Effizienz, Pflicht, Kontrolle – das fordert der Heilige Vater als Ergebnis eines verbesserten Klimaschutzregimes im Ausgang der COP28. Und diese Forderungen wird nun Pietro Parolin erheben, denn es sind nicht Franziskus' Privatmeinungen, sondern die Haltung der Katholischen Kirche zur Schöpfungverantwortung des Menschen, die der Vatikan auf diplomatischer Ebene vertritt.
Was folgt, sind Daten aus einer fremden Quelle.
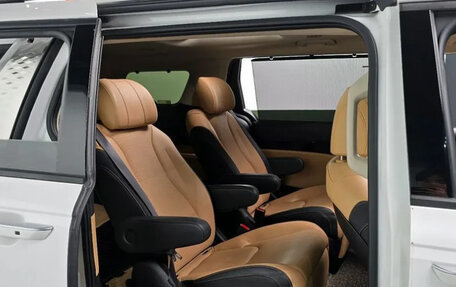 KIA Carnival, 2022 год, 2 970 000 рублей, 13 фотография
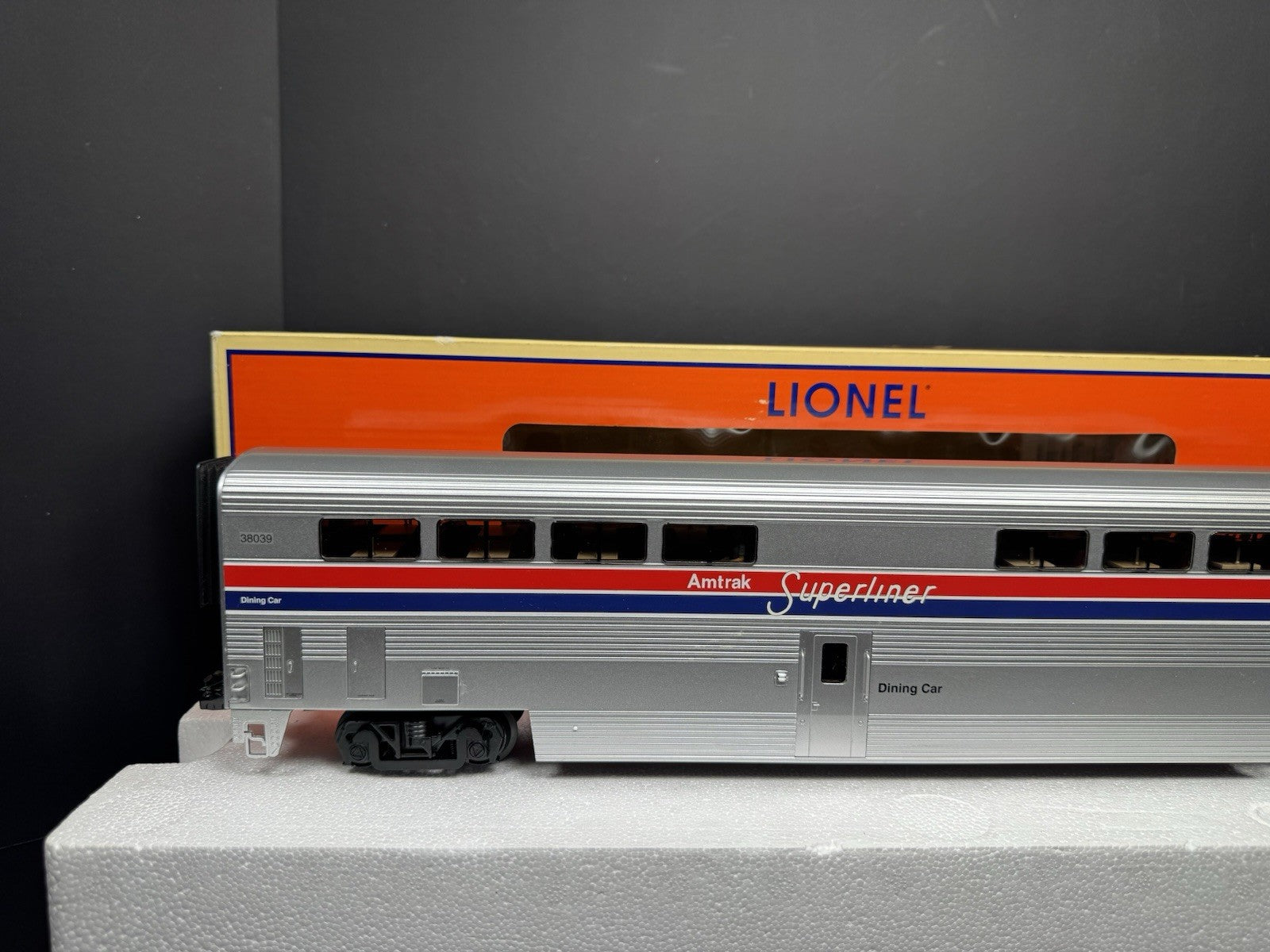 Lionel 6-15396 Amtrak Superliner 18" aluminum StationSounds diner car LNIB2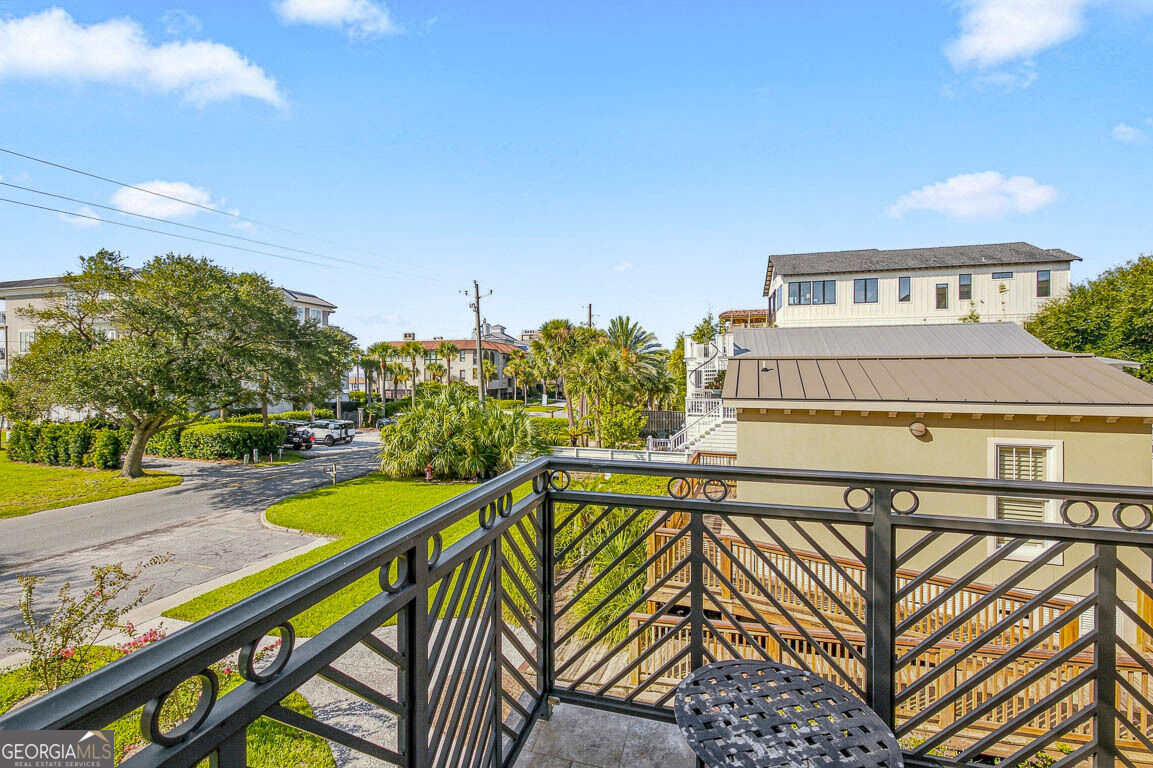 1015 Beachview Drive Property Photo 31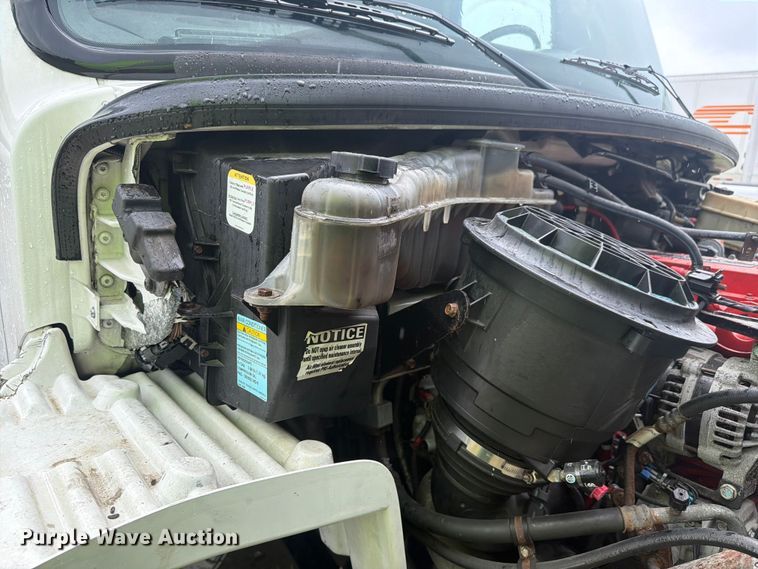 image for item FC3266 2018 Freightliner Business Class M2 box truck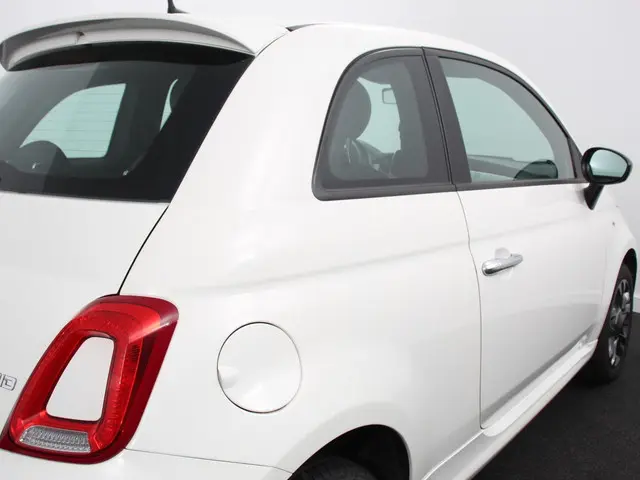 Fiat 500 1.0 Hybrid Sport 2021 Benzine 29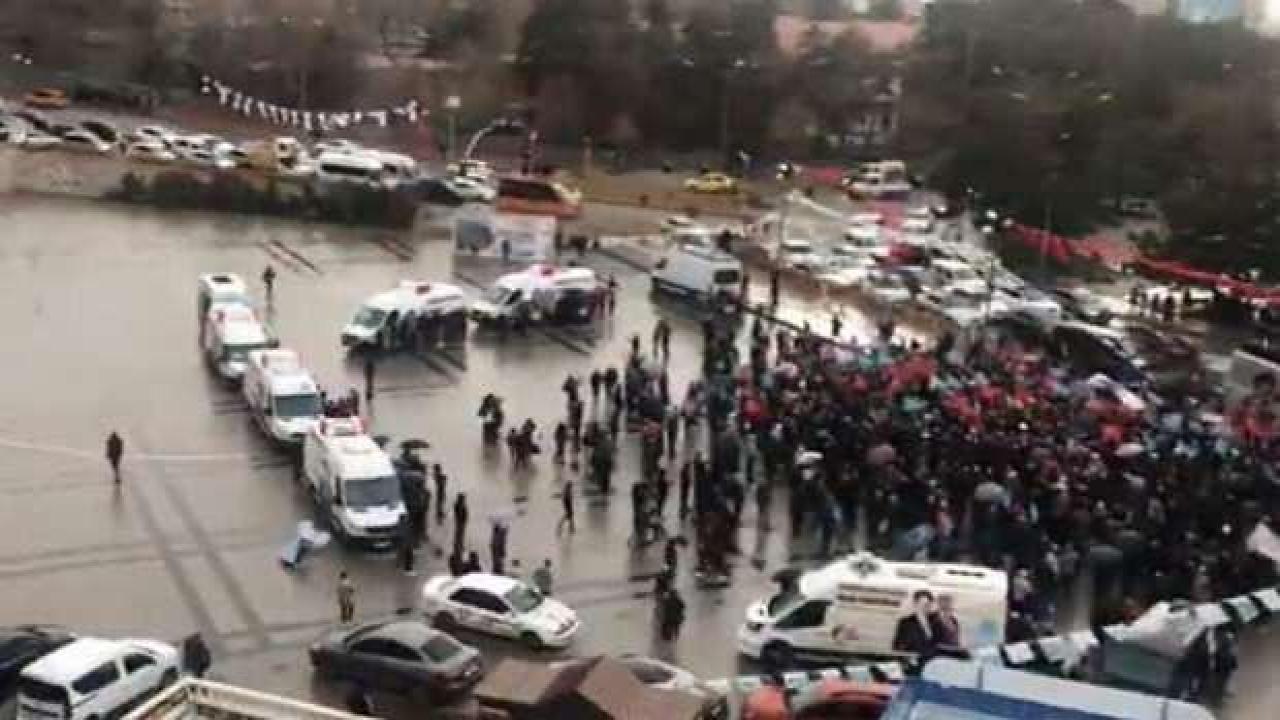 Akşener'in Erzurum mitingine düşük katılım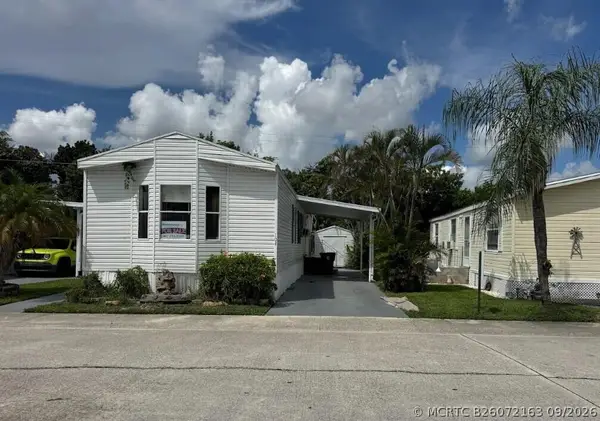 104 Plantation Boulevard #104, Greenacres, FL 33467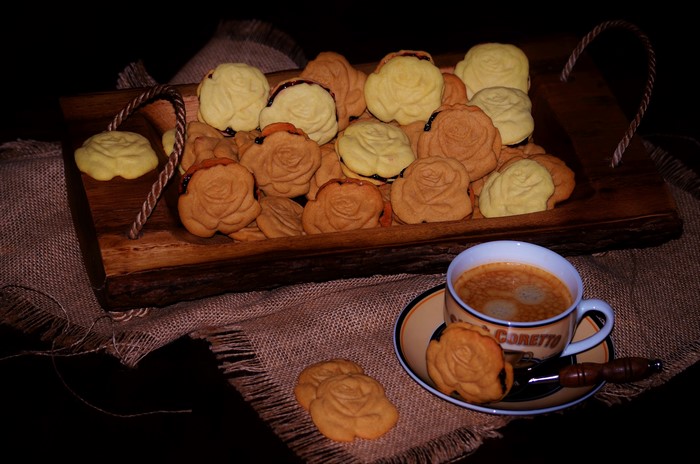 Rose Cookies and Coffee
Papst Franziskus wäre zwar der erste Papst gewesen, der bei einer Klimakonferenz dabei ist, aber nicht der erste Kirchenmann, der von den COP-Delegierten jene Verantwortung einfordert.

Franziskus steht nicht allein

Schon Papst Benedikt XVI. hatte 2009 in einer Videobotschaft zum Klimagipfel in Kopenhagen die Dringlichkeit internationaler Umwelt- und Klimaschutzbemühungen unterstrichen. In seiner Neujahrsansprache vor dem Diplomatischen Corps am 9. Januar 2012 sagte Benedikt: „Die Bewahrung der Umwelt, die Synergie zwischen dem Kampf gegen die Armut und dem Kampf gegen den Klimawandel stellen wichtige Bereiche für die Förderung der ganzheitlichen Entwicklung des Menschen dar“. Die „internationale Gemeinschaft“ möge „sich als echte ‚Familie der Nationen‘ und daher mit einem hohen Sinn für Solidarität und Verantwortungsgefühl gegenüber den gegenwärtigen und zukünftigen Generationen auf die UN-Konferenz über die nachhaltige Entwicklung (‚Rio+20‘) vorbereiten“, so Benedikt ehedem. Es klingt nach Franziskus. Dass es die Kirche insgesamt ist, die sich um das Klima sorgt, zeigt ein Statement katholischer Bischöfe aus der ganzen Welt im Vorfeld der Klimakonferenz in Kattowitz (2018), in dem eine „ehrgeizige Umsetzung“ des Pariser Klimaabkommens angemahnt wird.

Hinter den Mahnungen zu einem engagierten Klimaschutz steht also nicht Franziskus allein, sondern es stehen große Teile der Katholischen Kirche dahinter, für die der Vatikan in Worten und Gesten Partei ergreift. In Dubai nun mit Pietro Parolin an der Spitze.